AMD-Powered Frontier Supercomputer Breaks the Exascale Barrier, Now Fastest in the World

Frontier is the first officially recognized exaflop supercomputer in the world. It tops the Top500 list of the worlds’ fastest supercomputers as its AMD-powered systems have grown dramatically this year. Frontier not just beats the previous leader, Japan’s Fugaku, but blows them all out of the water. Frontier is faster than the other 7 supercomputers on the Top500 list, combined. Notably while Frontier hit 1.10 ExaFLOPs during a sustained LinPack FP64 benchmark, the machine delivers up to 1.70 ExaFLOPS in peak performance but has room to reach 2 ExaFLOPS after more tuning. For comparison, one ExaFLOP equals one quintillion floating-point operations per second.

In addition to its high performance, Frontier is also the most energy efficient supercomputer in the world. It ranked number two on the Green500 list, behind IBM’s Summit system. Frontier delivers 52.23 gigaflops per watt, while consuming just 21.1 megawatts of electricity at peak performance. At that level of efficiency, Frontier could theoretically operate for nearly 30 years before requiring an upgrade.

AMD’s EPYC processor family powered systems now comprise five of 10 of the TOP 500 supercomputers in the World! AMD EPYC powered systems now appear in 94 of the TOP500 supercomputers in world, marking a steady rise since November 2019 when AMD EPYC powered systems appeared in 73 of the TOP500 supercomputer systems. AMD EPYC processors also appear in more than half of all new systems added to the TOP500 this year.

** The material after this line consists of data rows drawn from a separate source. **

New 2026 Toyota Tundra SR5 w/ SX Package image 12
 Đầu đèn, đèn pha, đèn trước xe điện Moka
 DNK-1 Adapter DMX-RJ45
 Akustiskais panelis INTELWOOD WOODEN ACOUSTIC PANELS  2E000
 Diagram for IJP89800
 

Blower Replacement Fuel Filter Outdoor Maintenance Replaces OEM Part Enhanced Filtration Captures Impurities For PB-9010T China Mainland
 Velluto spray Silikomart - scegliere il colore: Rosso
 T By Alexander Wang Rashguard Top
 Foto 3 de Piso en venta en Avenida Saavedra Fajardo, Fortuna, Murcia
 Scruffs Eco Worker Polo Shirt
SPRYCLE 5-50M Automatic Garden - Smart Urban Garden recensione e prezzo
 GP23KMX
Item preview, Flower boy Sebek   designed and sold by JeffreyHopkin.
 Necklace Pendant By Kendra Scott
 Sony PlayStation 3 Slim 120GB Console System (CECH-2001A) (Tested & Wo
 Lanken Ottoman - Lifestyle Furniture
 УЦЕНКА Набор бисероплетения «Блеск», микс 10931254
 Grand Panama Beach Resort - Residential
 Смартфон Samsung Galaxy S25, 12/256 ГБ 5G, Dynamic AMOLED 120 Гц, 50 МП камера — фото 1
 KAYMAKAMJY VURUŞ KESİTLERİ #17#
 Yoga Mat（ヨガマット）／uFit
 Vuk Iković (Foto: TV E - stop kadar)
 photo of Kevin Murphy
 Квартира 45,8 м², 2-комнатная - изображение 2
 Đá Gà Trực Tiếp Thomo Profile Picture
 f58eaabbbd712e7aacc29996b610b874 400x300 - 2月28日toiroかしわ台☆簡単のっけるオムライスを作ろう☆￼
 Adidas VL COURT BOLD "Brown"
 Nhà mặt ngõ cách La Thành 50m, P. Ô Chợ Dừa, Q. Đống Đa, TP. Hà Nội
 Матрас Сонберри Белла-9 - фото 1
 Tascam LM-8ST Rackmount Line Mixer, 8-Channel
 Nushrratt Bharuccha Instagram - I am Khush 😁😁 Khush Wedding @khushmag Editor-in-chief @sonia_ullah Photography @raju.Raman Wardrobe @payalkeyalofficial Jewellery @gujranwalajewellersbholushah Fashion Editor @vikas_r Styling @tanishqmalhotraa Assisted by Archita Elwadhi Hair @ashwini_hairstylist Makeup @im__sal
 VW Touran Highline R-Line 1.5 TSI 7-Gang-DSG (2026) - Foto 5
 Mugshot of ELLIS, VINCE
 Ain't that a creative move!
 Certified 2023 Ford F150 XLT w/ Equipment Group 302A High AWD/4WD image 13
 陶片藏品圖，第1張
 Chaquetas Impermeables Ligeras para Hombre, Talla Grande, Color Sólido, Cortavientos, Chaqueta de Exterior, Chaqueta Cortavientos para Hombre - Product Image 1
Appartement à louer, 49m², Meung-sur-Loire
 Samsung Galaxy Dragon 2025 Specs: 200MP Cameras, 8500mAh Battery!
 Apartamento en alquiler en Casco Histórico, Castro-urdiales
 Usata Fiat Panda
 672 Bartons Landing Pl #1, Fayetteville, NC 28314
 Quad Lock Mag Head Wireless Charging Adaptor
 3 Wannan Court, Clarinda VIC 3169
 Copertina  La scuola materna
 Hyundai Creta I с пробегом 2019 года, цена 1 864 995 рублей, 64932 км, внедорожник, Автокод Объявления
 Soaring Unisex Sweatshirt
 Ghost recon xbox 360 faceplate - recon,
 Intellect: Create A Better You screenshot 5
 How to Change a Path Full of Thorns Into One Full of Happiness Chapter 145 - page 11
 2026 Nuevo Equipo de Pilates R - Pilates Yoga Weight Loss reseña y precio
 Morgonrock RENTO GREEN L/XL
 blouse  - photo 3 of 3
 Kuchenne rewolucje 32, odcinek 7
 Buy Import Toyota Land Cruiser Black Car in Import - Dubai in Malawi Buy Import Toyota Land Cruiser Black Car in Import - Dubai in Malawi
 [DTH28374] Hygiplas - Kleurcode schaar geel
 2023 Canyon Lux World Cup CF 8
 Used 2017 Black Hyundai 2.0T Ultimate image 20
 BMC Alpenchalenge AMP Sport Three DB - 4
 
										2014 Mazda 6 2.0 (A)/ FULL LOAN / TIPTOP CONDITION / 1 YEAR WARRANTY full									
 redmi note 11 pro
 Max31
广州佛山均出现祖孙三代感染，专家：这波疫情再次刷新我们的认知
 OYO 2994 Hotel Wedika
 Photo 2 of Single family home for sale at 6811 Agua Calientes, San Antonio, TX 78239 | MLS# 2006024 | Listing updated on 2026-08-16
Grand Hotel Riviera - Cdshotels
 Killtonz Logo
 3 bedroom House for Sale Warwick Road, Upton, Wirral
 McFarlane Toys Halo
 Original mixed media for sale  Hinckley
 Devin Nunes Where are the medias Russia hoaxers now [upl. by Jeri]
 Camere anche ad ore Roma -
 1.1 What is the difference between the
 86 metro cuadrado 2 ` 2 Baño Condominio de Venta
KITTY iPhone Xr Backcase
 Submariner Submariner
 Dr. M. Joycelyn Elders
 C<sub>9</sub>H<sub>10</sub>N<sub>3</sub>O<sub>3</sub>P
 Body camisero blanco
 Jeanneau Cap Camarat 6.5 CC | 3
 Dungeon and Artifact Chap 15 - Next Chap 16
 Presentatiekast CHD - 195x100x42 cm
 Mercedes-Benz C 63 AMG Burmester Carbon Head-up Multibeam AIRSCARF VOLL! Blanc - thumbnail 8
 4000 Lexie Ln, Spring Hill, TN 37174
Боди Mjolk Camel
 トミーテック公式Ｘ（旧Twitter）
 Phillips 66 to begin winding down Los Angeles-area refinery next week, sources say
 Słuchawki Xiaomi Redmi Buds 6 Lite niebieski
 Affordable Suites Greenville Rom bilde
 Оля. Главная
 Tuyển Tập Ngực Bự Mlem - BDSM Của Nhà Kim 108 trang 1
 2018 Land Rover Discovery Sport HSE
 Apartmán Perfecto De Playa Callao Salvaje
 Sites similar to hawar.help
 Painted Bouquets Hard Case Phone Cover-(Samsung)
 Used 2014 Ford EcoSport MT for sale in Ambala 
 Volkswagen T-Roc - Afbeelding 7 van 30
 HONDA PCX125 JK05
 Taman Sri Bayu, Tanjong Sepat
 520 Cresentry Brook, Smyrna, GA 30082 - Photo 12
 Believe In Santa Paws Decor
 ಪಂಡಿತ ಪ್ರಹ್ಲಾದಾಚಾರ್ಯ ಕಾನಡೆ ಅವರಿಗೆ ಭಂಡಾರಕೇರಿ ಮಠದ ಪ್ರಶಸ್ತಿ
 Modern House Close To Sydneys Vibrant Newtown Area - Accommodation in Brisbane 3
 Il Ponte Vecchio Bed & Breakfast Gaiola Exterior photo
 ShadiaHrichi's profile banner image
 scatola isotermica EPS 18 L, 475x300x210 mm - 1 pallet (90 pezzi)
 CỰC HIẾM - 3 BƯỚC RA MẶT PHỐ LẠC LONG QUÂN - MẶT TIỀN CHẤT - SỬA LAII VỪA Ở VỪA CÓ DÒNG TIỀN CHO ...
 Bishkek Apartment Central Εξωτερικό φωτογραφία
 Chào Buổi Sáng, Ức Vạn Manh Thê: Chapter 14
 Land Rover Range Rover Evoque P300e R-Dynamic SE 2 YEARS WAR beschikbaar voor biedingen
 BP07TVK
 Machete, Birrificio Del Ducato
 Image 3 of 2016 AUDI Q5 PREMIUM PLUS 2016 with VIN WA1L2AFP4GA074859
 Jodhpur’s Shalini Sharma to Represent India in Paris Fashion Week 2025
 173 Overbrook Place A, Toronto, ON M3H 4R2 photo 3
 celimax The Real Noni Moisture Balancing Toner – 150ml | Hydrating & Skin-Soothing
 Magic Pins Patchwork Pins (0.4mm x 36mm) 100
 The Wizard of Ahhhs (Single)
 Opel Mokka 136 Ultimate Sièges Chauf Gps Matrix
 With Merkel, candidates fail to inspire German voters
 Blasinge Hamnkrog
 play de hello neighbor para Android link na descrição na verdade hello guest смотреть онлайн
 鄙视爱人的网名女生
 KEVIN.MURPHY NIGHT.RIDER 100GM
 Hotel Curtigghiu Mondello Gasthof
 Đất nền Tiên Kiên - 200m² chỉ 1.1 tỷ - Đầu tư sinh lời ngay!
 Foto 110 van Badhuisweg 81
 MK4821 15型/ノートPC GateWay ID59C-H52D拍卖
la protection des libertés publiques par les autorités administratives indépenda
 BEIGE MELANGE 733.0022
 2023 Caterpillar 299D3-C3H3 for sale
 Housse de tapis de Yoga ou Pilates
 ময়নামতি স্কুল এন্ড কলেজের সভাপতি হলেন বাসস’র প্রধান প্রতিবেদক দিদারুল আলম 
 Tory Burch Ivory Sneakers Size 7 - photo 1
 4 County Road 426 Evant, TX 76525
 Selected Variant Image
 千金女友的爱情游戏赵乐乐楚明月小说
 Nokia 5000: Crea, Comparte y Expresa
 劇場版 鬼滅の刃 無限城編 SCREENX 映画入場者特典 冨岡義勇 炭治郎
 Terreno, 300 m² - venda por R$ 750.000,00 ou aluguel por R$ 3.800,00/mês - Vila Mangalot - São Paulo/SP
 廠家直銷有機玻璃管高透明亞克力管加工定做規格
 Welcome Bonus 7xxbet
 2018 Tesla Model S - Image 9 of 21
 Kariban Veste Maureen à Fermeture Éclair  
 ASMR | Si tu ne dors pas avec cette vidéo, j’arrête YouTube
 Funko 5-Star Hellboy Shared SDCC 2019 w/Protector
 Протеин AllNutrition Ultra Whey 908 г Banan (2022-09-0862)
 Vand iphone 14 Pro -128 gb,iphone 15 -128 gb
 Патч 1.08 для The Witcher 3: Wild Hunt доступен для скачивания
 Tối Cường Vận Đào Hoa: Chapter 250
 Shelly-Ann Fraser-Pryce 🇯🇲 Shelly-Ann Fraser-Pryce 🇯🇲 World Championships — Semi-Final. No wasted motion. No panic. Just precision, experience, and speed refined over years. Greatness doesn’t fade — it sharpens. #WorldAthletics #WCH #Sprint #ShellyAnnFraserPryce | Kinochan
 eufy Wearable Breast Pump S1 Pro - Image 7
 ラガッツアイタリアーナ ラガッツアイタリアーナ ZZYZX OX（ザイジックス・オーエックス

AMD dominates the green500 list, powering the four most energy efficient supercomputers in the world. Not only does AMD dominate the list, but it also has eight of the ten and seventeen of the twenty most efficient systems. The Frontier supercomputer is powered by AMD, and is installed at the DOE’s Oak Ridge National Lab in Tennessee. The system includes 9,408 compute nodes with one 64 core Trento processor paired with 512GB of DDR4 memory and 4 AMD Radeon Instinct MI 250x graphics cards. These nodes are spread out across 74 HPE Cray XC40 cabinets, each weighing 8k lbs. The total system has 602, 112 CPU cores, all paired to 4.6 PB of DDR4 RAM.

AMD’s new supercomputers are designed to tackle big problems. The machines are built around dual AMD EPYC Rome processors running at 2.2GHz each, along with 128GB of DDR4 RAM and two NVIDIA Tesla V100 accelerators. Each accelerator contains 24 NVLink ports, giving them access to 16GB of high-bandwidth memory. These accelerators also contain four PCIe Gen 3 x16 slots, allowing them to connect to other components. The systems will be housed inside a custom chassis that includes 12 fans and a total of six 120mm cooling fans. The system will run Windows Server 2016 and Red Hat Enterprise Linux 7.3.

The entire network is connected to an insanely fast storage subsystem with 700 petabyte of capacity, 75TB/s of throughput, 15 billion IOPS of speed, and 15 million IOPS of latency. Metadata is stored across 480NVME SSDs that provide 10 PB of capacity, while 5,300 NVME SSDs provide 11.8 PB of capacity for the primary storage tier. Meanwhile, 4,800PMR HDDs provide 679 PB of capacity.

Assembling Frontier was a huge project. It took six years to complete and required 60 million parts. ORNL had to source all of them, including 685 different part numbers. The chip shortage hit mid-construction, impacting 167 of those parts. So ORNL had to find replacements for those parts. AMD also ran out of MI200 GPU chips, which were critical for the project. To help circumvent the shortage, ORNL worked with ASCR to get DPAS ratings for the parts. That meant the US government invoked the Defenestration Act to procure the parts because of Frontier’s importance to national security.

Frontier is the first commercially available Exascale supercomputer. It is capable of processing 100 petaflops of computing power. That means it could perform 1 quintillion calculations per second. By comparison, the fastest supercomputer today, Titan, processes about 10 petaflops, meaning it could calculate roughly 0.1 quadrillion calculations per second.

Intel’s Aurora system will be the first exascale system. However, there is still some doubt about whether the submitted results are accurate. The Top 500 list is compiled using a benchmark called Linpack, which measures floating point operations per second. The submitted result is a proxy for the real thing. The submitted result is also not the same as the actual number of flops that the system can actually achieve. There is a chance that the submitted result is not accurate.

Aurora, a 3+ ExaFlop supercomputer expected to come online in 2021. Upon its completion, this Intel-powered supercomputer will compete with the El Capitan for the title of the world’s fastest supercomputer. CPUs.